FIVE CHILDREN AND IT, by E. Nesbit ($1.35 + post).  Two boys and two girls,
while spending the summer in the countryside of turn-of-the-century England, meet a
sand-fairy, a strange creature who has the power to grant them one wish a day.  They
are naturally excited and overjoyed by what this seems to promise.  But they soon find
that none of these wishes, even the ones they plan most carefully, turn out the way
they had hoped and expected.  Far from bringing blessings, the wishes almost
instantly bring serious problems, which the children must solve as best they can, for
once the sand-fairy has granted their day’s wish (which lasts until sundown), it can
give them no further help.

A rule of all the best fantasy or science fiction is that once you have put into the
story your fantastic idea — invisibility, or immortality, or in this case the daily wish — you
must make the rest of the story as true-to-life as possible.  Nesbit does this, and it
makes these good stories exciting and believable.  A minor false note is the baby talk
of the family’s two-year-old; apparently, when these stories were written, adults never
really heard what two-year-olds said.  But since the baby hardly ever speaks in these
stories, this is not important.  The four older children are very well drawn — lively,
energetic, imaginative, adventurous, brothers and sisters who are good friends and
good companions.  Very nice illustrations.

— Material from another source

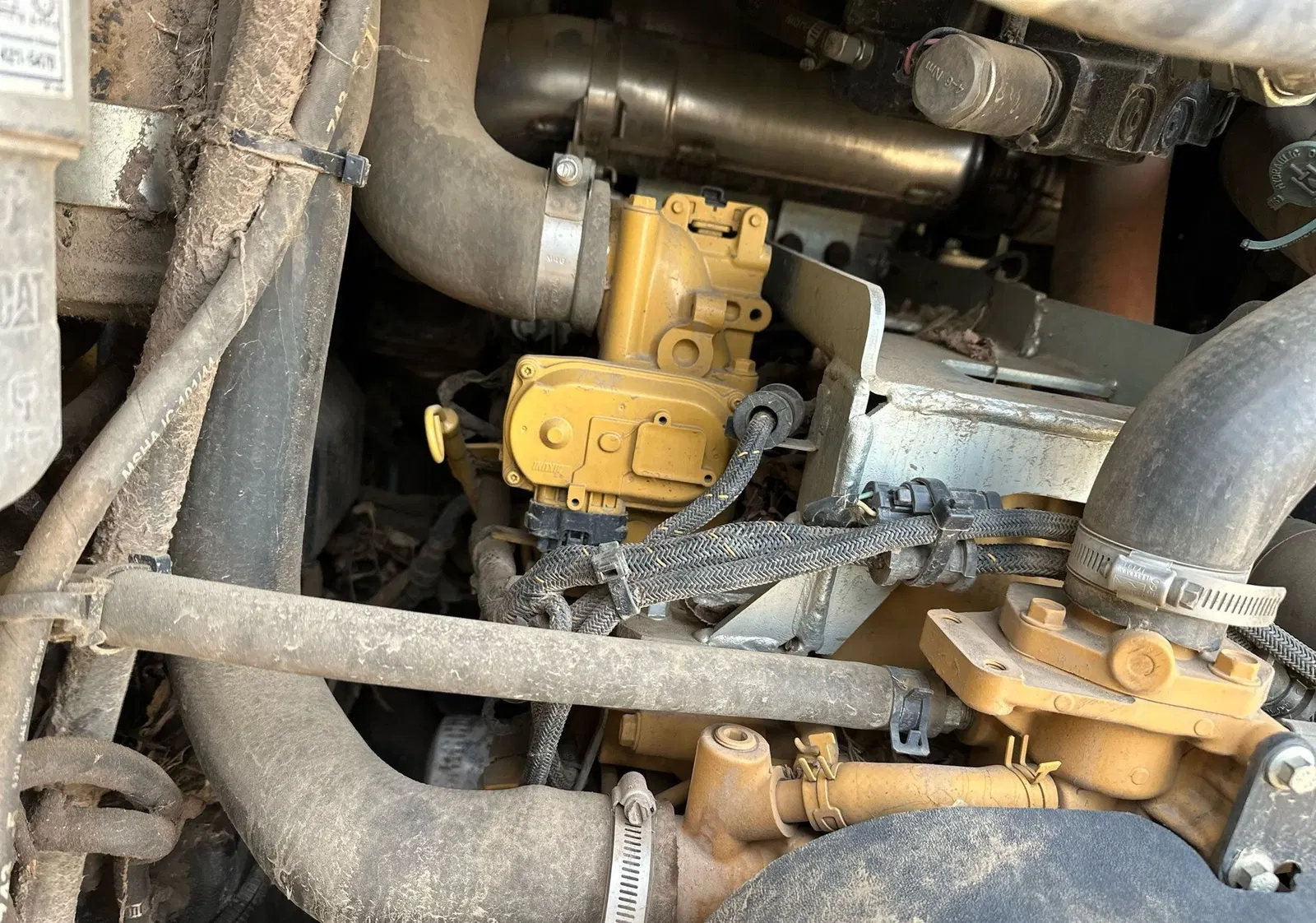 2019 Caterpillar 299D2XHP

THE ADVENTURES OF ROBIN HOOD, by Howard Pyle ($3.60 + post).  This
was the version of these fine old tales that I read as a child, and it is still by far the best,
full of unashamedly poetic language and much fine talk about Thou saucy varlet and
the like.  Although they were robbers, Robin and his fellow outlaws were in most ways
honorable and admirable men.  They stole only from the rich, who themselves had
grown rich by stealing from the poor.  Most of what they stole, Robin and his friends
gave back to the poor.  They rarely killed, and then only in defense of their lives.  They
never killed a captured or defeated enemy; even the Sheriff of Nottingham, who had
sworn to hang them all if he could, was safe in their hands.  Though they were in effect
immune from the law, and could have stolen enough to live in luxury, they lived simply.
In short, they were not a bad example for our time.  But the main reason for reading
these old stories that they are full of courage, energy, exuberance, and joy in living.
This edition has Pyle’s original black-and-white illustrations.

THE LION, THE WITCH, AND THE WARDROBE, by C. S. Lewis ($1.75 + post).
In this, the first of a series of seven books (we plan to add the others later), two
brothers and two sisters slip through a wardrobe (British closet) into an ancient and
magical country called Narnia, full of dwarves, giants, fairies, witches, and talking
animals, where they have exciting and dangerous adventures, and finally free the land
from the rule of a cruel witch.  A wonderful story, with many levels of meaning — for
younger children, a good adventure; for older children, something more than that.  A
modern classic.

DUNE, by Frank Herbert ($2.45 + post).  Readers of science fiction and fantasy
think this is one of the greatest books of that kind ever written, and I agree.  For sheer
power of invention, it equals any tale I have ever read.  It is partly an old-fashioned
Three Musketeers type swashbuckling, sword-fighting adventure and romance, and
partly science fiction — a serious attempt to imagine how human beings might live
under certain conditions.  In other words, it is both a very old-fashioned and very
modern book.  The author has created a huge and complicated civilization, in the most
elaborate detail, and he achieves what has been called the suspension of disbelief –
we accept his world as possible and fall into his story without resistance.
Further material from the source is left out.